Exercise aim: Write out the stretch of lines below that begins at the line with "Dormy Inn Morioka Eksteriør billede" and ends at the line with "รวย 95 ล้านบาท", including both, exactly as given and nothing more.

Data excerpts:
===
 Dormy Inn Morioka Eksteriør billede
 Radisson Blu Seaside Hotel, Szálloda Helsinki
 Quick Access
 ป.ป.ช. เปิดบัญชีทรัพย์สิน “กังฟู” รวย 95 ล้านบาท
===
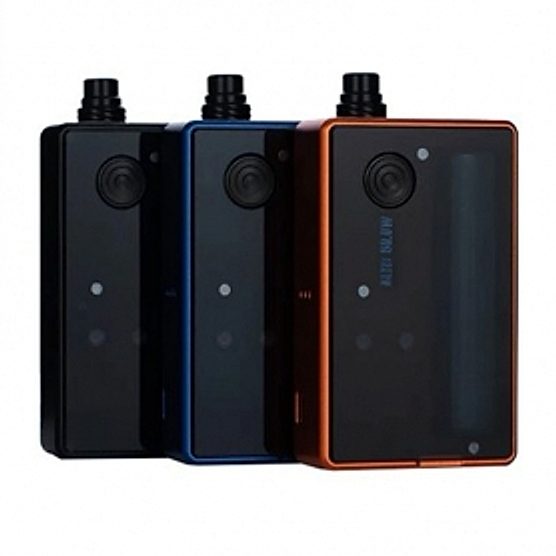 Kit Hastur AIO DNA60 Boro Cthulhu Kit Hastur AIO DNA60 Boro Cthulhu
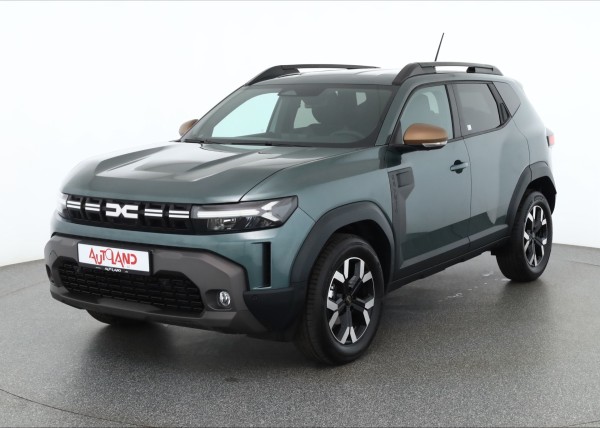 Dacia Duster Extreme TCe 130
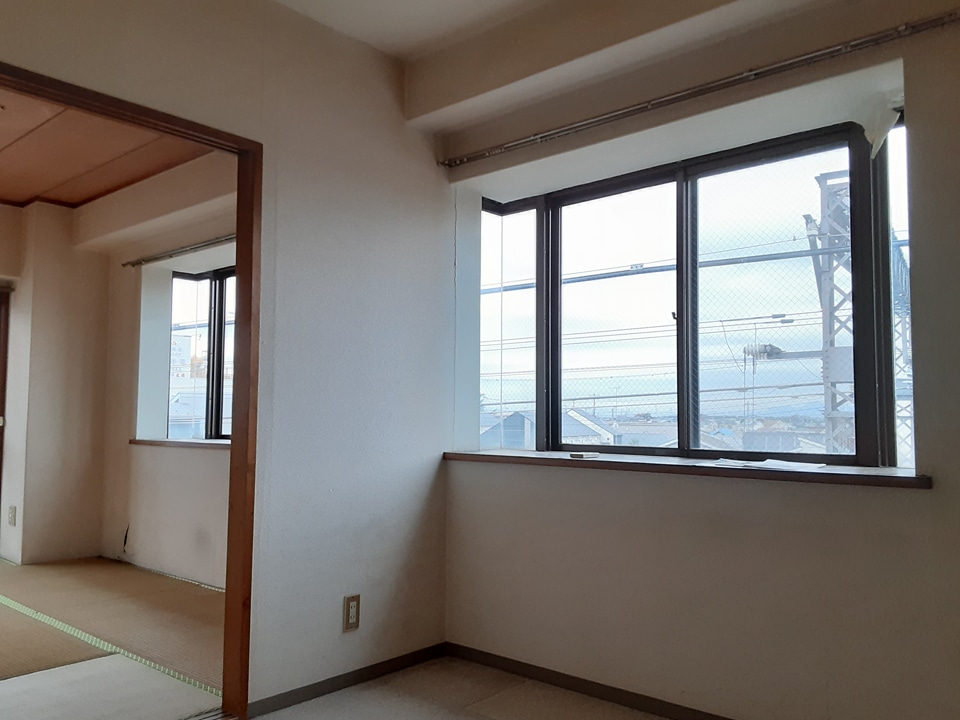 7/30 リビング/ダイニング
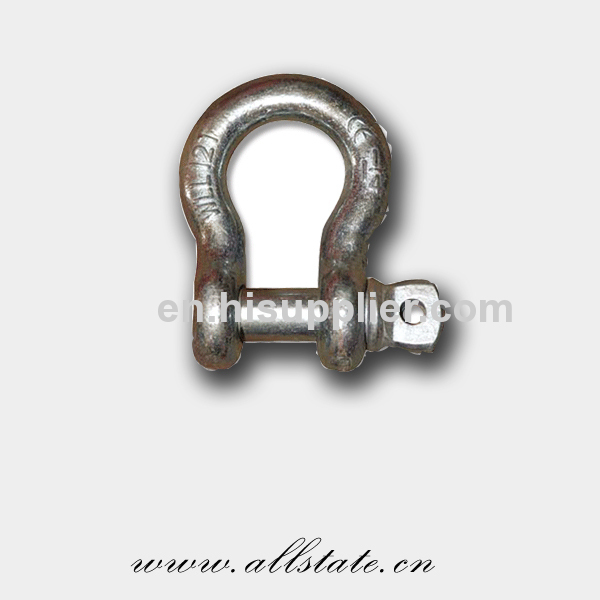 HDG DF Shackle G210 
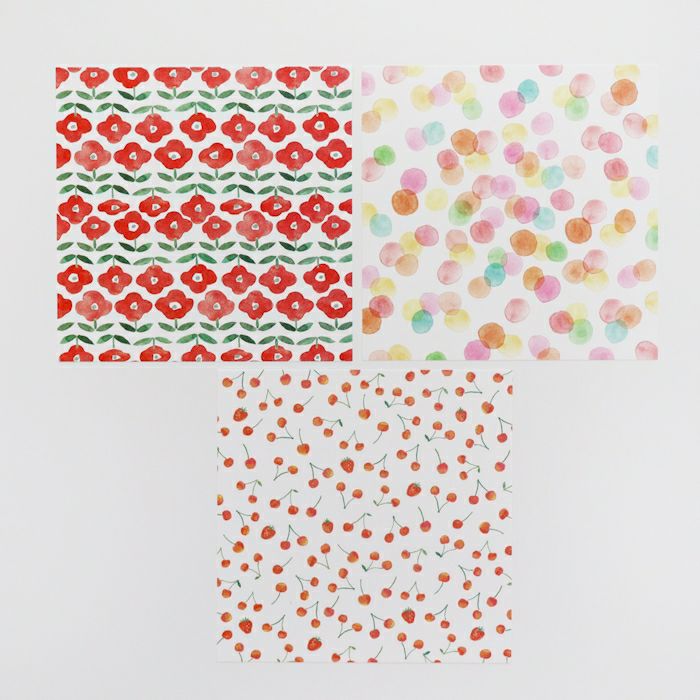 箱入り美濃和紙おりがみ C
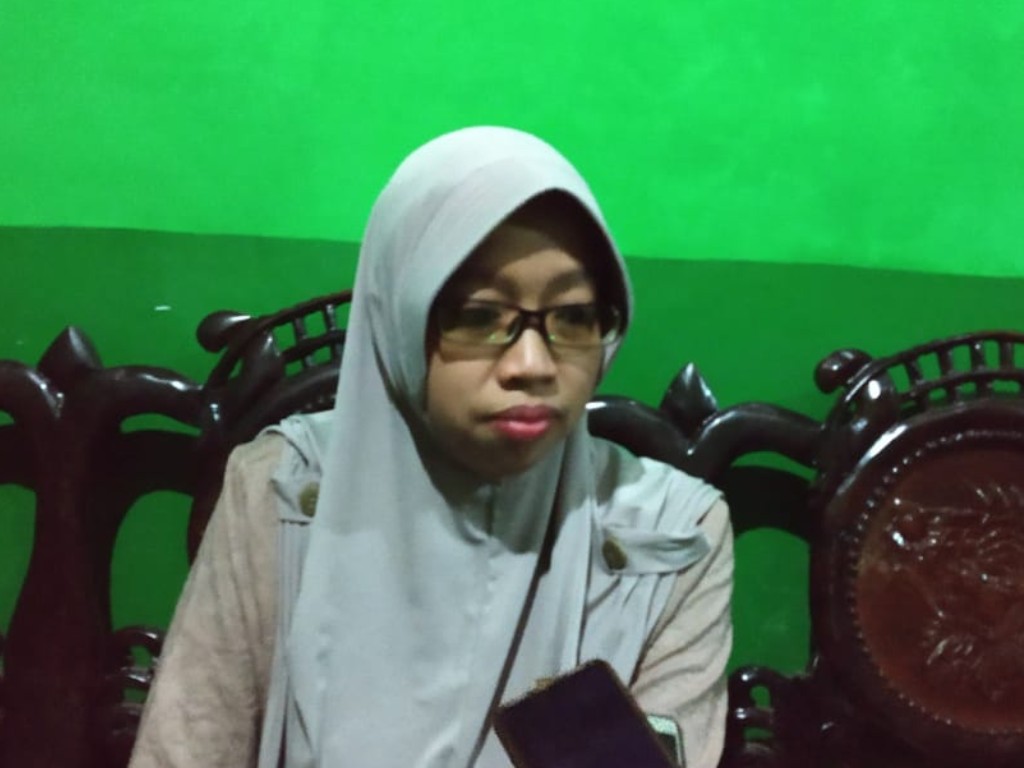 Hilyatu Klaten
===
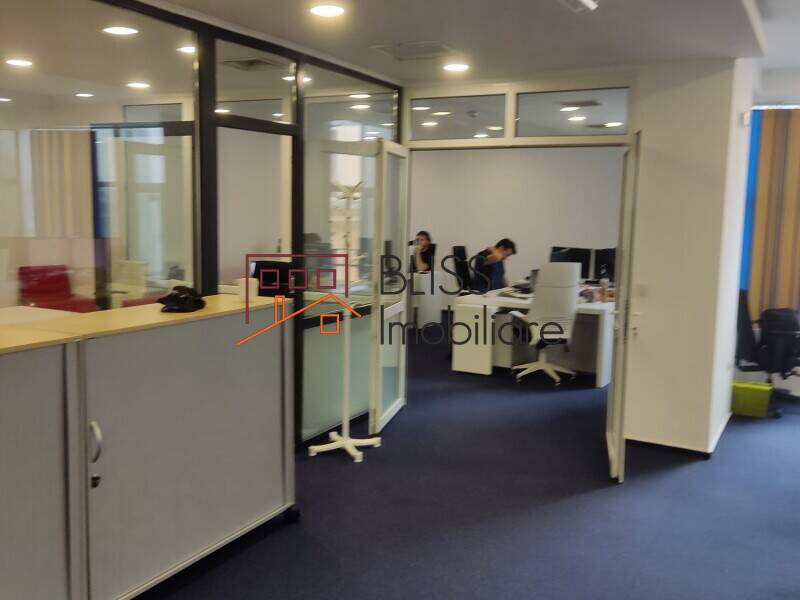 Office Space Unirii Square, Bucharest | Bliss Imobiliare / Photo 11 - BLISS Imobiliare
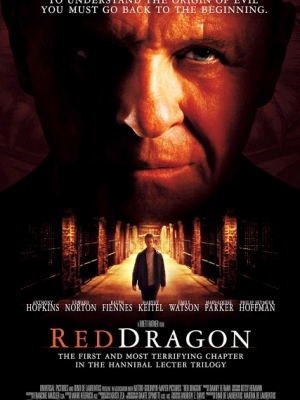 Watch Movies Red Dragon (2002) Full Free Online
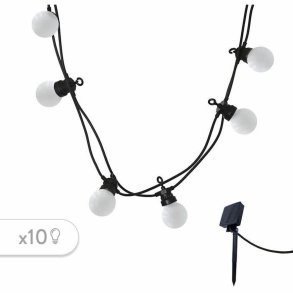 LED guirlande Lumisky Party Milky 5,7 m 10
===
Reply to the exercise:
 Dormy Inn Morioka Eksteriør billede
 Radisson Blu Seaside Hotel, Szálloda Helsinki
 Quick Access
 ป.ป.ช. เปิดบัญชีทรัพย์สิน “กังฟู” รวย 95 ล้านบาท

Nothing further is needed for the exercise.